Ayrıca, Trump'ın ikinci turun başında İngiltere'yi dahil etmemesi, özellikle yönetim yetkililerinin Signal uygulaması üzerinden yaptığı ve Amerikalı karar alıcılar arasında Avrupalı müttefiklerine yönelik "öfkeyi" ortaya koyan ve "Bab el-Mendeb ve Süveyş Kanalı koridorlarından en fazla faydalananlar" oldukları için Yemen'e karşı savaşın mali yükünü Avrupa ülkelerinin üstlenmesi taleplerini içeren meşhur sızıntıların ardından sorgulanmaya devam etti.
Bu durum, bazı gözlemcileri, Trump'ın, elindeki hedef bankasının en fazla bir ay içinde savaşı sonuçlandırabileceği ve "Ensarullah"ı ortadan kaldırabileceği yönündeki beklentilerine dayanarak Yemen'e yönelik operasyonu kasıtlı olarak tek başına yürüttüğünü ve dolayısıyla "başarıyı tek başına üstlenmek" istediğini iddia etmeye itti.
Ancak daha da garip olanı, hava saldırıları seçeneğinin istenen hedeflere ulaşmada başarısız olduğu mevcut ve eski Amerikalı uzmanlar ve yetkililer için açıkça ortaya çıkmış olmasına rağmen, İngiltere'nin hava saldırılarına geç katılmasıydı.
Bunu açıklamaya çalışan Brogen Centre for Studies, "İngiltere, vergi tavizleri ve Ukrayna'da destek alma umuduyla Yemen üzerinden Trump'a erken bir siyasi bedel ödemeye çalışıyor," diyor.
Bu da "birbiriyle bağlantılı dosyalar ve yıpranmış İngiliz ekonomisinin, Londra'yı Washington'ın askeri maceralarına ayak uydurmaya ittiği" anlamına geliyor.
Yukarıdakilere rağmen, ikinci tur saldırılara katılım, İngiltere içinde halk ve siyasi protestolar olmadan geçmedi.

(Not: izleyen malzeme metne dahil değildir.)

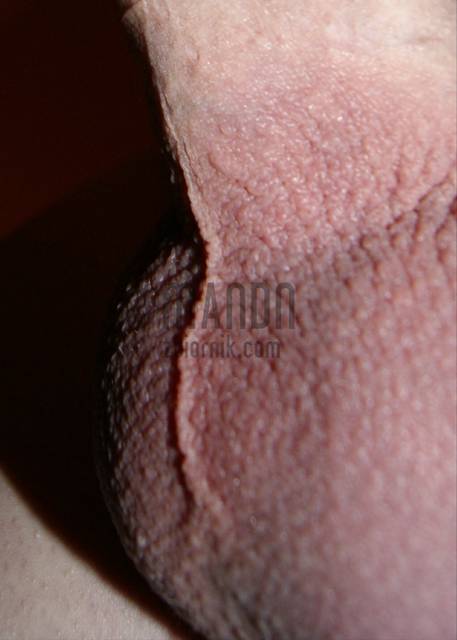 Cudowne uczucie po masażu... B-) - MandN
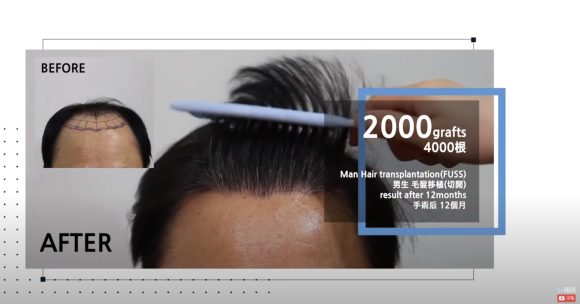 모발이식 전후 영상 l 1년 후 결과 관련 이미지 2
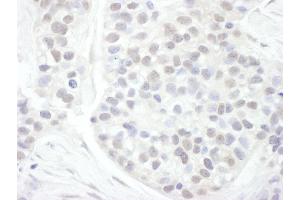 Immunohistochemistry (IHC) image for anti-Cyclin T1 (CCNT1) (AA 625-675) antibody (ABIN7453625)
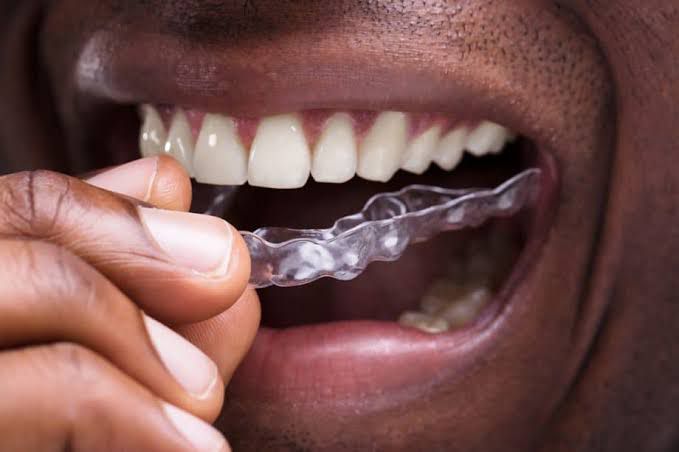 Get Invisalign in Victoria Island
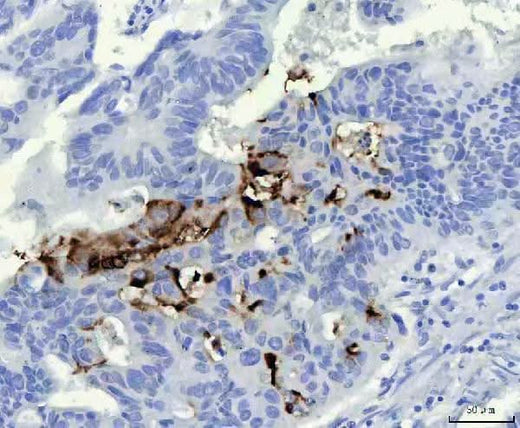 Anti-Mucin Gastric MUC5AC Antibody (Monoclonal, 45M1) Boster Bio
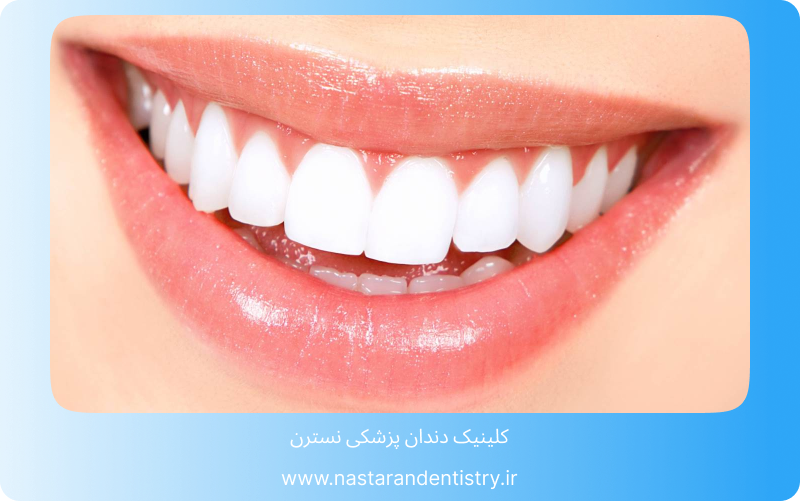 عمر لمینت بیشتر است یا کامپوزیت؟1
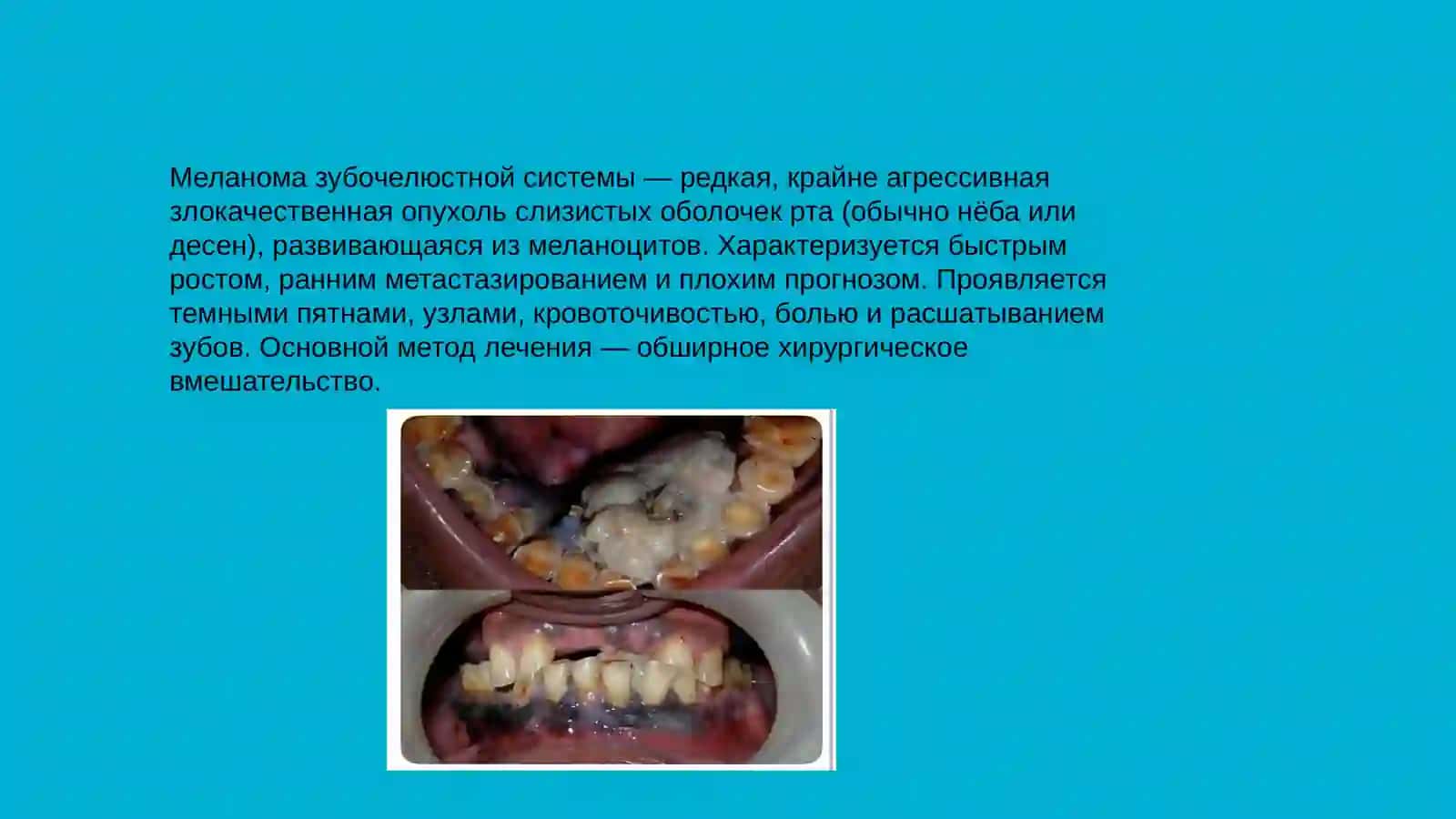 Меланом зубочелюстной системы, их морфология 2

Örneğin, Savaşı Durdurun Koalisyonu koordinatörü Lindsay German, "Yemen'in bölgesel istikrarsızlığa neden olanlar ve Birleşik Krallık'taki ailelerin ekonomik güvenliğini tehlikeye atanlar olmadığını" vurgulayarak, "Starmer'ın seçilmeden önce herhangi bir askeri harekâta girişmeden önce daima Parlamento'nun onayını almaya çalışacağına söz verdiğini" belirtti.
German sözlerine şöyle devam etti: "Şu anda Filistin'deki bir soykırımı destekleyen, Yemen'i bombalayan, iklim protestocularını hapse atan, protesto hakkını bastıran ve sonu gelmeyen daha fazla savaş başlatmak amacıyla vatandaşlarına daha fazla kemer sıkma politikası uygulayan bir (İşçi Partisi) hükümetinin utancıyla karşı karşıyayız ve tüm bunlar İngiliz halkından herhangi bir yetki alınmadan yapılıyor."